On HIP (gfx1151 / Radeon 8060S / Strix Halo) at commit c95dfca,
DFlash DDTree speculative decode produces corrupted output when
more than one tool is defined. The server falls back to AR decode
only in streaming mode, masking the issue for Hermes clients.
Non-streaming requests are completely broken with tools.
PFlash prefill compression destroys tool definitions at any
context size.

Steps to Reproduce

Server:
dflash_server Qwen3.6-27B-Q4_K_M.gguf
--port 8010 --host 0.0.0.0
--draft dflash-draft-3.6-q4_k_m.gguf
--ddtree --ddtree-budget 12
--cache-type-k q8_0 --cache-type-v q8_0
--fa-window 2048
--prefix-cache-slots 32

Request (2+ tools, 6.5K context, non-streaming):
curl /v1/chat/completions -d '{
"model": "luce-dflash",
"messages": [
{"role":"system","content":"You are Hermes.

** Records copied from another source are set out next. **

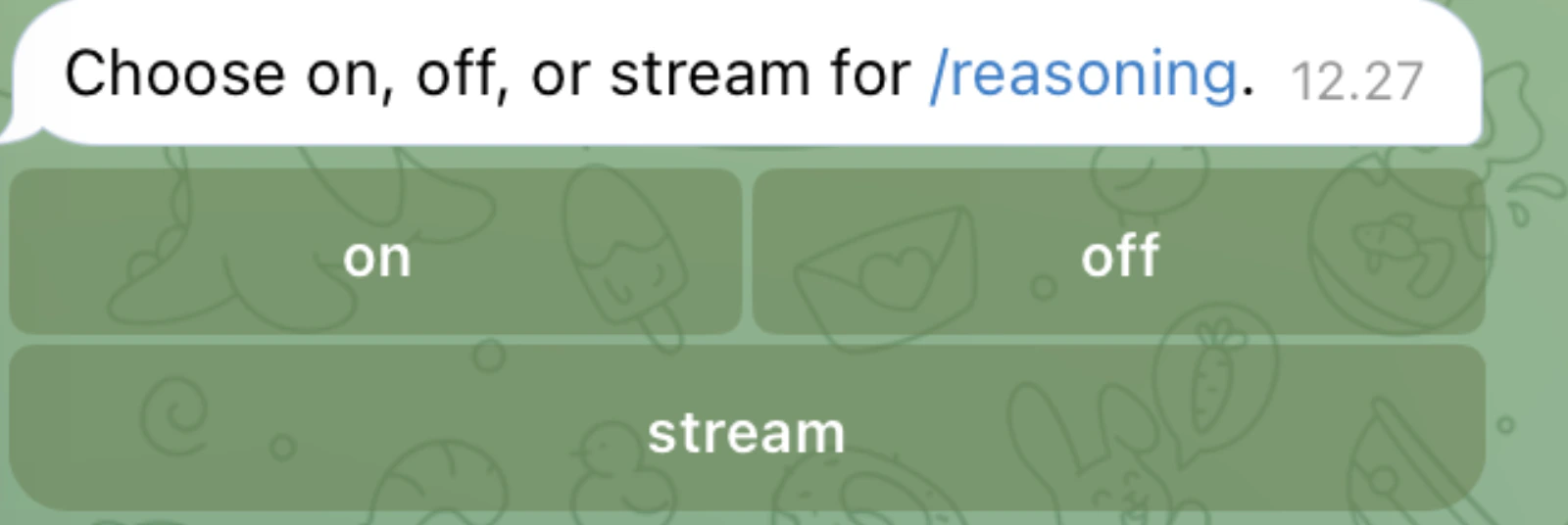 /reasoning menampilkan pilihan on, off, stream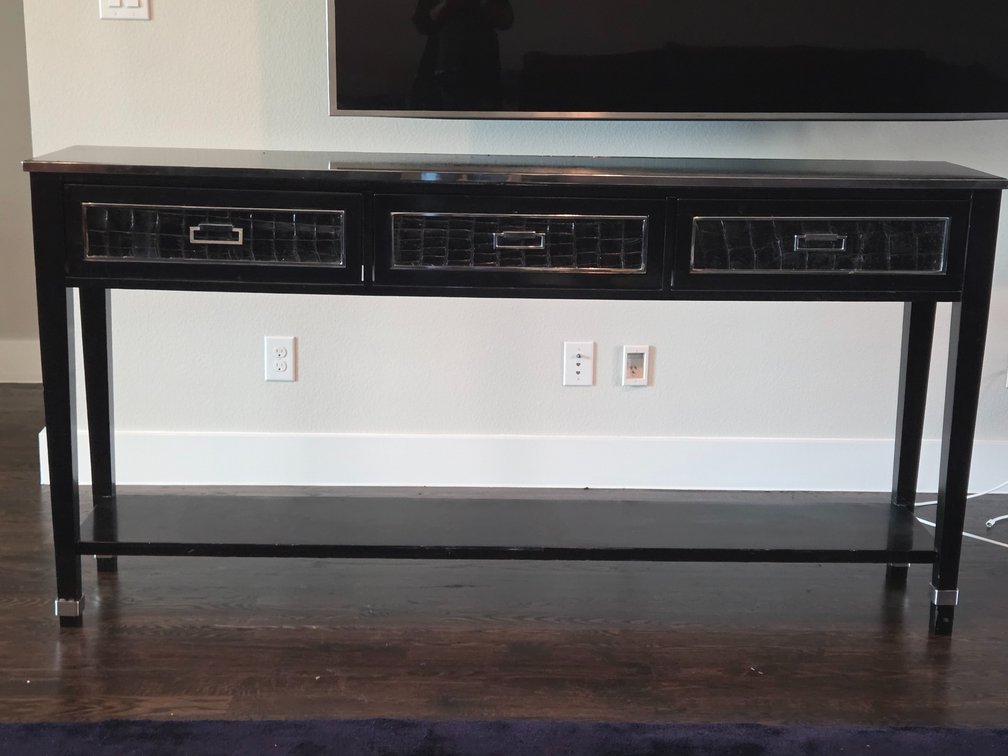 Black media console / TV stand with Crocodile embossed leather drawer panels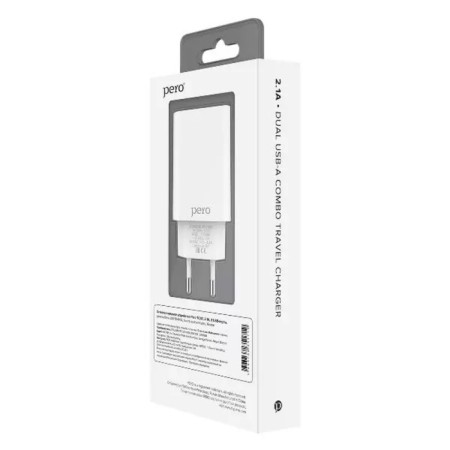 Network charger PERO TC02, 2 USB, 2.1 A, Lightning cable, white-4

Use tools.<6K pad>"},
{"role":"user","content":"Search for TODO in the code"}
],
"tools": [{bash, grep, read, ...}],
"max_tokens": 256,
"temperature": 0
}'

Current Behavior

  • Non-streaming + tools (spec-decode):
    finish=stop, content garbled e.g. #1-1">grep</arg_value>
    or blank content, never produces tool_calls.

  • Non-streaming + tools (AR, temperature>0):
    Works correctly, returns tool_calls. But no DFlash speedup.

  • Streaming + tools: Works correctly but falls back to
    [ar-decode] at ~10.9 tok/s instead of [spec-decode].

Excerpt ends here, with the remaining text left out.